[DESCRIPTION OF THE TASK]
Starting at the first line of the data below, retype every line up to and including the one containing "Bolsa de Viaje".

[DATA TO USE]
━━━━━━━━━━━━━━━━━━━━━━━━━━━━━━

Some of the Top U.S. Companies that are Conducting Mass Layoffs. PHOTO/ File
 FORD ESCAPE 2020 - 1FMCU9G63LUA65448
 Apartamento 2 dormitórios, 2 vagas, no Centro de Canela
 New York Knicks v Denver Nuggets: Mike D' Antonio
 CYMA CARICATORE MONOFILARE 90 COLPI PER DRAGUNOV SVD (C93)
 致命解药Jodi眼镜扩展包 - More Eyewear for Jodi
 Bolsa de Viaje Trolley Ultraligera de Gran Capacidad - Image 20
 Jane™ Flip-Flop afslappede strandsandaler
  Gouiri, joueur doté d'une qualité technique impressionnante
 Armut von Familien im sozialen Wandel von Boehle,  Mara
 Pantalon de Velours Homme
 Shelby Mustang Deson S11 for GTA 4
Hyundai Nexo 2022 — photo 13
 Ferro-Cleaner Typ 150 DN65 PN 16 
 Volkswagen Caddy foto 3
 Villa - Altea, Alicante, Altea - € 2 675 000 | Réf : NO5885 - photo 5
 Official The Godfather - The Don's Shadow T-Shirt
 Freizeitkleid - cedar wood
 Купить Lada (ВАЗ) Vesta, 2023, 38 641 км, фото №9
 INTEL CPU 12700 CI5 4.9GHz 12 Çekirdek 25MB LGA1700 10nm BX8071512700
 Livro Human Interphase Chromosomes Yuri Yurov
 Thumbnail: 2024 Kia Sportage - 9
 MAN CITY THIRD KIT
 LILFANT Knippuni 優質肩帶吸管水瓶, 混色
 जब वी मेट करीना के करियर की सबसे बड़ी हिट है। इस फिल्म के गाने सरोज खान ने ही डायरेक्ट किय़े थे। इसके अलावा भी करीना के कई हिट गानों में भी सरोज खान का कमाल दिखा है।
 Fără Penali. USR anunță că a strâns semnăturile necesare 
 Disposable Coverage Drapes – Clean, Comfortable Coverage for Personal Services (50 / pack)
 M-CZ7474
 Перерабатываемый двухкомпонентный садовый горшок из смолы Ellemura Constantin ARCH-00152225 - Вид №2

━━━━━━━━━━━━━━━━━━━━━━━━━━━━━━

[SOLUTION FOR THIS EXERCISE]
Some of the Top U.S. Companies that are Conducting Mass Layoffs. PHOTO/ File
 FORD ESCAPE 2020 - 1FMCU9G63LUA65448
 Apartamento 2 dormitórios, 2 vagas, no Centro de Canela
 New York Knicks v Denver Nuggets: Mike D' Antonio
 CYMA CARICATORE MONOFILARE 90 COLPI PER DRAGUNOV SVD (C93)
 致命解药Jodi眼镜扩展包 - More Eyewear for Jodi
 Bolsa de Viaje Trolley Ultraligera de Gran Capacidad - Image 20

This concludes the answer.